这是我的代码,用于过滤掉spark框架中的所有行,其中的列很少遇到值,这段代码正在工作,行数确实减少了(我需要它来做onehotencoder),但在那之后,框架本身变得有点奇怪,通常的df。Show()在2-3分钟内执行,我没有等待模型训练本身,为什么?问题开始后,这段代码,在此之前,所有的补丁都执行得很快
columns_to_check = ['is_zero', 'enc_loans', 'enc_limit', 'ratio_overdue']
for column in columns_to_check:
count_column = df.groupBy(column).agg(count("*").alias("count"))
df = df.join(count_column, on=column, how="left")
df = df.filter(col("count") >= 20).drop("count")
enc_paym = [i for i in df.columns if 'enc_paym' in i]
enc_zero_loans = [i for i in df.columns if 'is_zero_loans' in i]
enc_zero = [i for i in df.columns if 'is_zero' in i and 'loans' not in i]
enc_limit = [i for i in df.columns if 'pre_over' in i or 'pre_maxover' in i]
enc_loans = [i for i in df.columns if 'enc_loans' in i]
pre_loans = [i for i in df.columns if 'pre_loans' in i]
pre_since = ['pre_since_opened', 'pre_since_confirmed']
pre_tern = ['pre_pterm', 'pre_fterm']
pre_close = ['pre_till_pclose', 'pre_till_fclose']
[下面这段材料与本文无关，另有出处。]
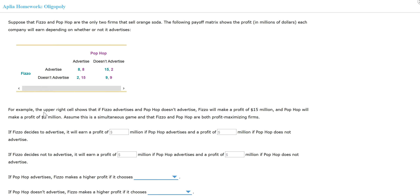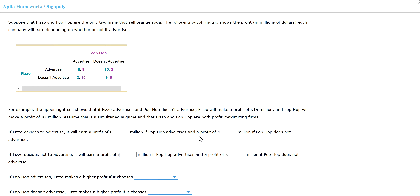For example, if Feasel decides to advertise, how much will it earn? If Pop-Pop also advertises and Feasel advertises, there will be an eight million dollar profit. If Pop-Pop doesn't advertise, Feasel will earn a fifteen million dollar profit. If Pop-Pop doesn't advertise, Pop-Pop earns two, and if neither advertises, both earn nine.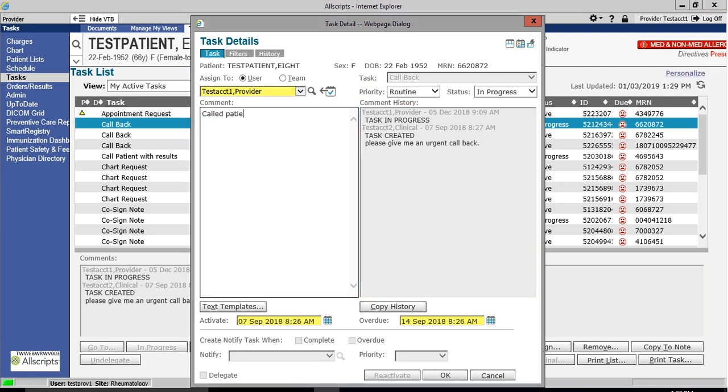In this particular instance, I'm documenting that I called the patient and left them a voicemail. Information can be entered via free text or by using macros. Once you've completed your documentation, you may exit the details field by clicking OK.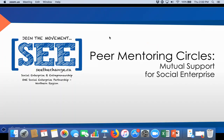Hi, my name is Maureen Strickland. I'm the Social Enterprise Development Specialist for the Social Enterprise and Entrepreneurship One Social Enterprise Partnership in Northern Ontario. I do have Zach Lowe here today, Research Assistant at Nordic Institute.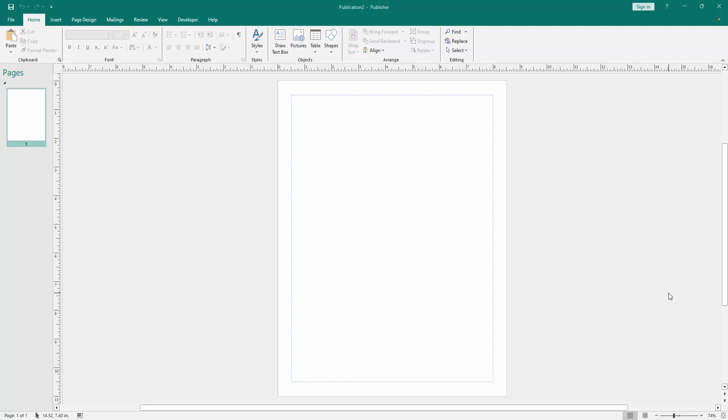In this video I am going to show you how to create letterhead with logo in Microsoft Publisher. Let's get started.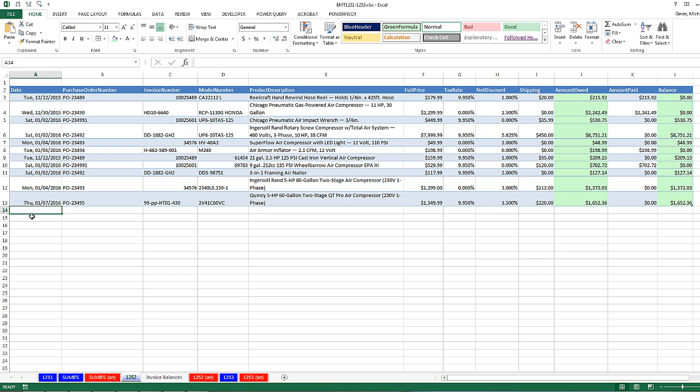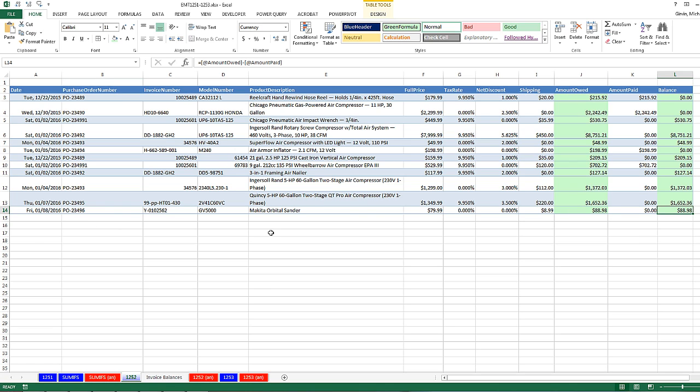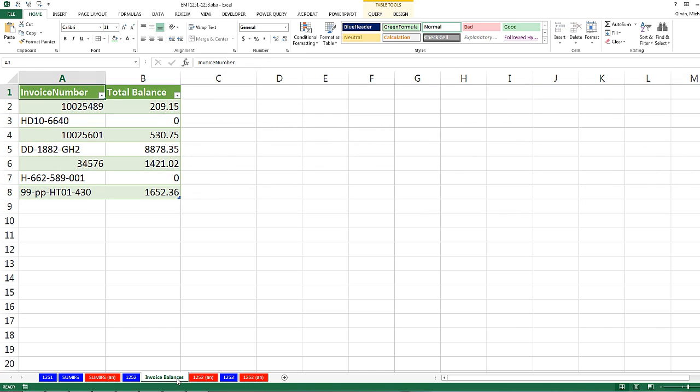Now remember, for a new record, we simply type a date. So this is 1 slash 8. And this is a table, so when I hit Tab, it carries all that formatting forward and creates a new record. Now I'm just going to type this out. We bought a Makita Orbital Sander, GV5000. There's the amount owed, the amount paid, and there's the balance. Now let's go over to Invoice Balances.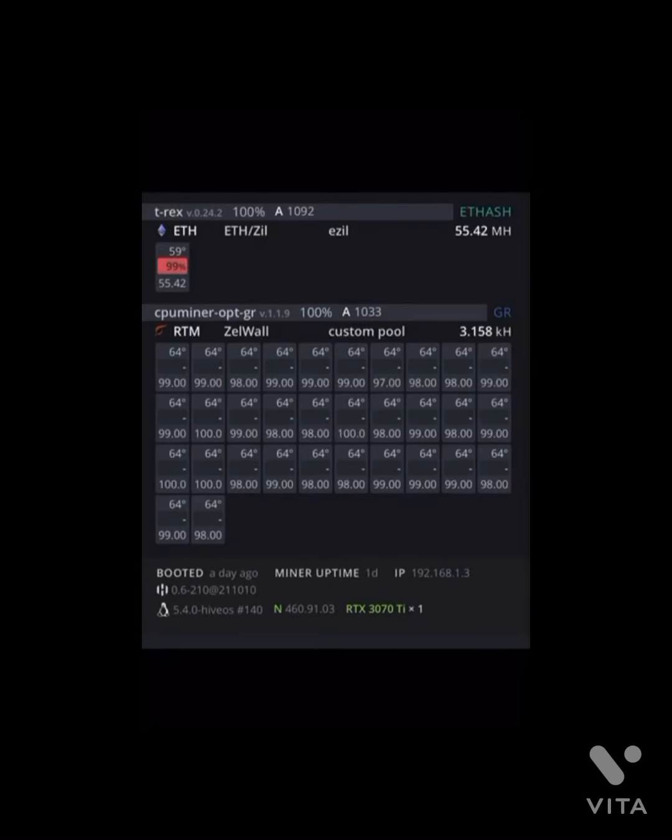I want to make a video about mining RTM or Raptorium. As you can see right here, I have a 3950x on HiveOS mining Raptorium.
list_of_pca = [enc_paym, enc_zero, enc_limit, enc_loans, pre_loans, enc_zero_loans,
pre_since, pre_tern, pre_close]
def retname(i):
flag = 0
for j in i:
if 'enc_paym' in j:
flag = 1
elif 'is_zero_loans' in j:
flag = 2
elif 'pre_over' in j or 'pre_maxover' in j:
flag = 3
elif 'enc_loans' in j:
flag = 4
elif 'pre_loans' in j:
flag = 5
elif 'is_zero' in j and 'loans' not in j:
flag = 6
elif 'pre_since_opened' in j or 'pre_since_confirmed' in j:
flag = 7
elif 'pre_pterm' in j or 'pre_fterm' in j:
flag = 8
elif 'pre_till_pclose' in j or 'pre_till_fclose' in j:
flag = 9
if flag == 1:
return 'enc_paym'
elif flag == 2:
return 'is_zero'
elif flag == 3:
return 'enc_limit'
elif flag == 4:
return 'enc_loans'
elif flag == 5:
return 'pre_loans'
elif flag == 6:
return 'ratio_overdue'
elif flag == 7:
return 'confirm_days'
elif flag == 8:
return 'open_days'
elif flag == 9:
return 'collection_days'
for i in list_of_pca:
vector_enc = VectorAssembler(inputCols=i, outputCol=retname(i))
df = vector_enc.transform(df)
df = df.drop(*i)
pca的列表_of_pca ='enc_paym','is_zero','enc_limit',' enc_loans','pre_loans','ratio_overdue','confirm_days','open_days','collection_days']
pca = [PCA(k=1, inputCol=pca_col, outputCol='{0}_encoded'.format(pca_col)).fit(df) for pca_col in list_of_pca]
pipline1 = Pipeline(stages=pca)
df = pipline1.fit(df).transform(df).drop(*list_of_pca)
list_of_lbe ='is_zero_encoded','ratio_overdue_encoded','enc_limit_encoded','enc_贷款款_encoded']
pca = [StringIndexer(inputCol=lbl_col, outputCol=f"{lbl_col.split('_')[0]+'_'+lbl_col.split('_')[1]}").fit(df) for lbl_col in list_of_lbe]
pipline6 = Pipeline(stages=pca)
df = pipline6.fit(df).transform(df).drop(*list_of_lbe)
1条答案
按热度按时间lhcgjxsq1#
对于每一列,将
groupBy
和join
数据与原始 Dataframe 一起应用是一个昂贵的操作,它将花费更多的时间。相反,你可以尝试下面的示例代码(根据你的逻辑改变sql查询)。